In the last few decades, the discovery of novel immuno-therapies has revolutionized cancer treatment. These therapies, namely chimeric antigen receptor (CAR) T cells, checkpoint inhibitors, and antibodies, harness the body’s own immune system to fight cancer. Unlike traditional therapeutic approaches such as chemotherapy and radiotherapy, immunotherapy has a greater level of target specificity, which can reduce damage to healthy tissue and thereby minimize side effects.

Despite the success and therapeutic promise, challenges remain, such as developing preclinical models that recapitulate an endogenous tumor environment and human immunity, or elucidating a mechanistic basis behind differing patient outcomes. Answering these questions and more, requires improved next-generation technologies.

Overview

Traditional flow cytometry has played an instrumental role in understanding the biology of immune cell types, yet it is limited in throughput. Modern drug discovery candidate programs often require the integration of immunophenotyping data with measurements of cell health, cytokine secretion, etc., to provide more biological relevance to the data.

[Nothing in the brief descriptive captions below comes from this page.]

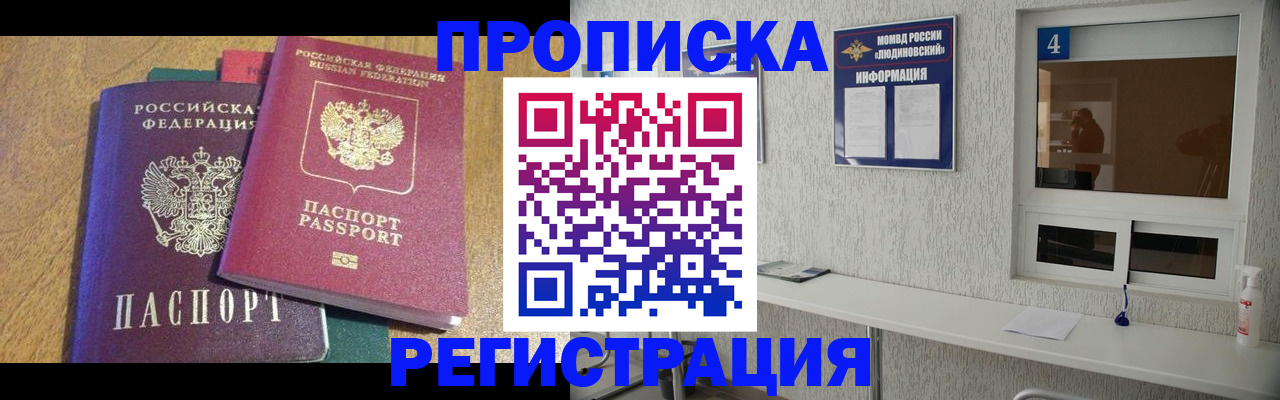 временная регистрация адрес в Лениногорске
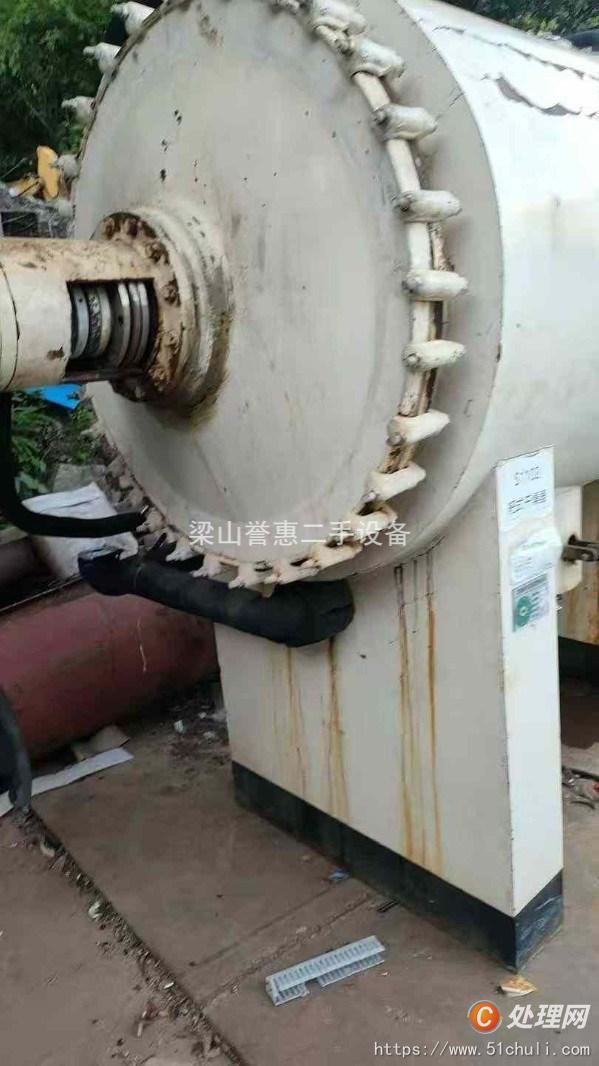 二手干燥機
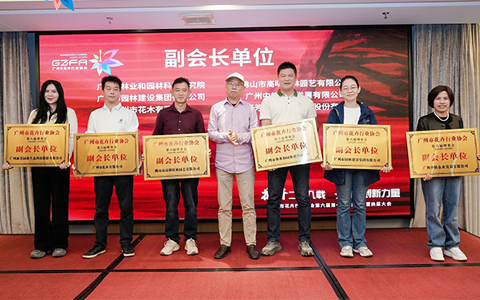 918������԰���ٻ�����л�����ҵЭ�ᡰ���᳤��Ԫ��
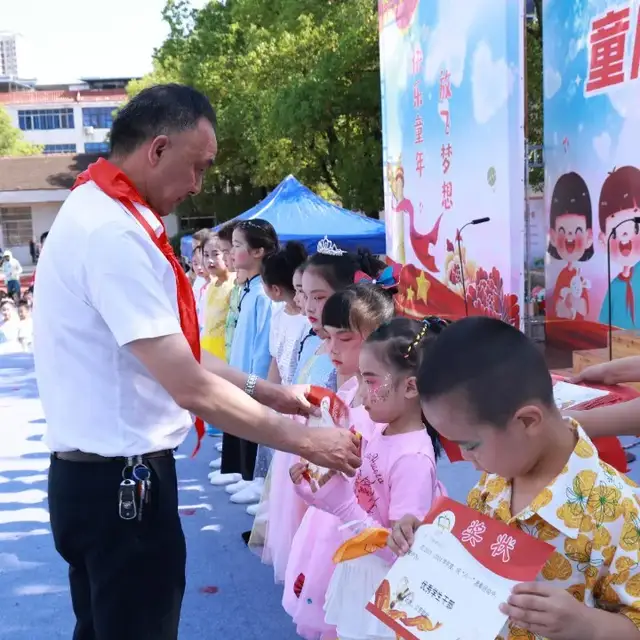 童心齐逐梦 “艺”起向未来——武穴市东方红小学举行庆“六一”文艺汇演暨表彰大会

Although classical flow cytometry can identify distinct cell types in a heterogeneous sample, it cannot analyze cellular health or characterize function; these additional analyses would need to be performed separately. To overcome these issues, many scientists have turned to advanced flow cytometry. By combining multiplexed analysis in a single well, one can simultaneously acquire information regarding immune cell function (i.e., immunophenotyping, cell health, secreted protein), thereby accelerating their research.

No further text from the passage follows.